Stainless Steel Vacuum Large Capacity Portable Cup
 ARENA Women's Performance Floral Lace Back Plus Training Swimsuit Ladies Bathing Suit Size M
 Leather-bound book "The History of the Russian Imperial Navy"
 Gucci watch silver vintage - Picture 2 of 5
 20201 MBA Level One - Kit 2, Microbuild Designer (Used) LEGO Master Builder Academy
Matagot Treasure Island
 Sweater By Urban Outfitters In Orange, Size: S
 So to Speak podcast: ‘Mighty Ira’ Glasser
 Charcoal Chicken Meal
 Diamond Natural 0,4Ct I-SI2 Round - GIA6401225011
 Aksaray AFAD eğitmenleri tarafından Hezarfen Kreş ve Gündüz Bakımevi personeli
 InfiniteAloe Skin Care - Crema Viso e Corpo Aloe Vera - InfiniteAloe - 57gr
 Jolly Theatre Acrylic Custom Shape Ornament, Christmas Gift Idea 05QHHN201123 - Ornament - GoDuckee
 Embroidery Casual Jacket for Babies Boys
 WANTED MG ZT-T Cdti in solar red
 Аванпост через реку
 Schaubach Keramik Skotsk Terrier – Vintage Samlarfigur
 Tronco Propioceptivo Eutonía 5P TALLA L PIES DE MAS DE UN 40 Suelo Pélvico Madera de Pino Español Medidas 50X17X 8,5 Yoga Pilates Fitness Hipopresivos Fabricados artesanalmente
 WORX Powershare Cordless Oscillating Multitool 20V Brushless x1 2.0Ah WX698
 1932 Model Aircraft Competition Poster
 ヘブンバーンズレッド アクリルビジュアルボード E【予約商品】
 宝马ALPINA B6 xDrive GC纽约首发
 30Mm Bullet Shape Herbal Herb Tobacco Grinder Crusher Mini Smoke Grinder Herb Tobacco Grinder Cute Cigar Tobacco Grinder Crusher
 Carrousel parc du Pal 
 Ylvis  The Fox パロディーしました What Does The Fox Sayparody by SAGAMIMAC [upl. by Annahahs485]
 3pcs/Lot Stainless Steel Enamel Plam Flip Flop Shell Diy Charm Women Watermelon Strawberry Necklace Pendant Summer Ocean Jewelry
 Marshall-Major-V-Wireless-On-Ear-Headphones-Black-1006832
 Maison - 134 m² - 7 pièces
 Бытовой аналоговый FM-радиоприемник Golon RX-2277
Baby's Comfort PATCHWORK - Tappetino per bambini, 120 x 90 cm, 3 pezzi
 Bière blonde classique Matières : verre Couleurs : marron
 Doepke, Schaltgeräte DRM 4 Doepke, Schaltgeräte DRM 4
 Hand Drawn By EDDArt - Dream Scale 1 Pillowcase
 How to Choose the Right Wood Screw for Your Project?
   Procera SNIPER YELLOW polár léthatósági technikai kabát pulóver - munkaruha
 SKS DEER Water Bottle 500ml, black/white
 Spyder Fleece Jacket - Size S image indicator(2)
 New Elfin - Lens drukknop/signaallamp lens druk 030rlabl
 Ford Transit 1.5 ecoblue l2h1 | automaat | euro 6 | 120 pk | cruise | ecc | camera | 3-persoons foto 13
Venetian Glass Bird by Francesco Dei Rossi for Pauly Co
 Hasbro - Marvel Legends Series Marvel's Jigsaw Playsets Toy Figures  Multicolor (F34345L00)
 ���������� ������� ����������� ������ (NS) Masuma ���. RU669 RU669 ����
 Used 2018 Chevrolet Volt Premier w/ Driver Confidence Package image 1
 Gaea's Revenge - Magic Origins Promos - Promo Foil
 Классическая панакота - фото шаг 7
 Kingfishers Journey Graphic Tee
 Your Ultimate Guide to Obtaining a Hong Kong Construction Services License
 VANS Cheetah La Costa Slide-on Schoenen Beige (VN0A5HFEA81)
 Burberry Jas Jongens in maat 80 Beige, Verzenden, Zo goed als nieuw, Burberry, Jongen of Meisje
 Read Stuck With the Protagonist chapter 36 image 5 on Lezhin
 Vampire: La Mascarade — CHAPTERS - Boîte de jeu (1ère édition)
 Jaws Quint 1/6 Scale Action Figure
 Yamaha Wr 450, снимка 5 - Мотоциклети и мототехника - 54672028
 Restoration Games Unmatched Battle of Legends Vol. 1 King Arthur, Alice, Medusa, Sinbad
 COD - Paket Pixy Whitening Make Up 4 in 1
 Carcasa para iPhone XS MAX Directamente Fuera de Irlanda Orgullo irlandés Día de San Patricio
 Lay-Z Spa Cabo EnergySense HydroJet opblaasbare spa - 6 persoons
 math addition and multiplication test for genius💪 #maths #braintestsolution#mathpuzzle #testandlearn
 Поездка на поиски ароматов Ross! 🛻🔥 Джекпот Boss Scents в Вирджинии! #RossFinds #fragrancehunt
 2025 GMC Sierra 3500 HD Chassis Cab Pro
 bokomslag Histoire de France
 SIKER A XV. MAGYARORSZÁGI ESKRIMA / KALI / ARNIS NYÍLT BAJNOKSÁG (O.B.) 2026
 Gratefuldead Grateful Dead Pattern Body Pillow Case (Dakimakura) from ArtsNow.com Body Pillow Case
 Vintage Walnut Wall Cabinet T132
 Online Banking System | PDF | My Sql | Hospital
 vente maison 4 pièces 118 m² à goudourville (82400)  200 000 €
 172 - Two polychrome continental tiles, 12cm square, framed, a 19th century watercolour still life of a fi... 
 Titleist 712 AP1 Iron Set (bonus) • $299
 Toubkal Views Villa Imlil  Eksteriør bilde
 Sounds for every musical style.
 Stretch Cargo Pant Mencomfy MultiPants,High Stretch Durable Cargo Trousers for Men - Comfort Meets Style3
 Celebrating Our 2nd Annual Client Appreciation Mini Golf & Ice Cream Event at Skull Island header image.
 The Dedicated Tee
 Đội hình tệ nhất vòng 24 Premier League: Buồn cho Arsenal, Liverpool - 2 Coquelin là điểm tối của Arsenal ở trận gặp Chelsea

---

— WHAT TO DO —
Would you repeat the lines from the one containing "The Dedicated Tee" through the end of the data, exactly, with nothing before or after them?

— RESPONSE —
 The Dedicated Tee
 Đội hình tệ nhất vòng 24 Premier League: Buồn cho Arsenal, Liverpool - 2 Coquelin là điểm tối của Arsenal ở trận gặp Chelsea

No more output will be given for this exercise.